The film stars Kate Hudson as Zu, a troubled and feckless woman who, when her grandmother dies suddenly, must care for her autistic half-sister Music (Maddie Ziegler).
The portrayal of autism and the casting of a non-autistic (or neurotypical) actress is what has provoked most of the criticism, but I confess (admittedly with limited direct experience of the condition) to being rather moved by Ziegler’s powerfully committed performance.
From where I was sitting, the film’s flaws lie more in an uneven narrative and sudden lurches into dreamlike song-and-dance sequences that feel pretentious and indulgent.
Weirdness also abounds in another directorial debut, Matthew Rankin’s The Twentieth Century (★★★II). In fact, it could hardly be weirder, which in itself is strange, because the subject — the life of Canadian statesman William Lyon Mackenzie King (Dan Beirne) — seems so, well, square.

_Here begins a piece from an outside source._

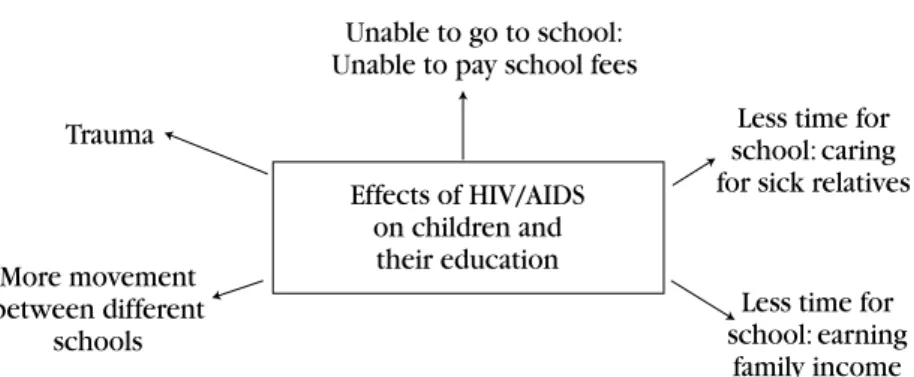 Diagram  2.       Impact of HIV/AIDS on children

Instead, it’s a trippy extravaganza, parodying different film styles and toying with gender expectations, as if Monty Python had teamed up with Salvador Dali and together they’d decided to push the boat out. It’s good eccentric fun, in parts, but the fun wears off, leaving only the eccentricity.
■ MUSIC and The Twentieth Century are both available on digital platforms.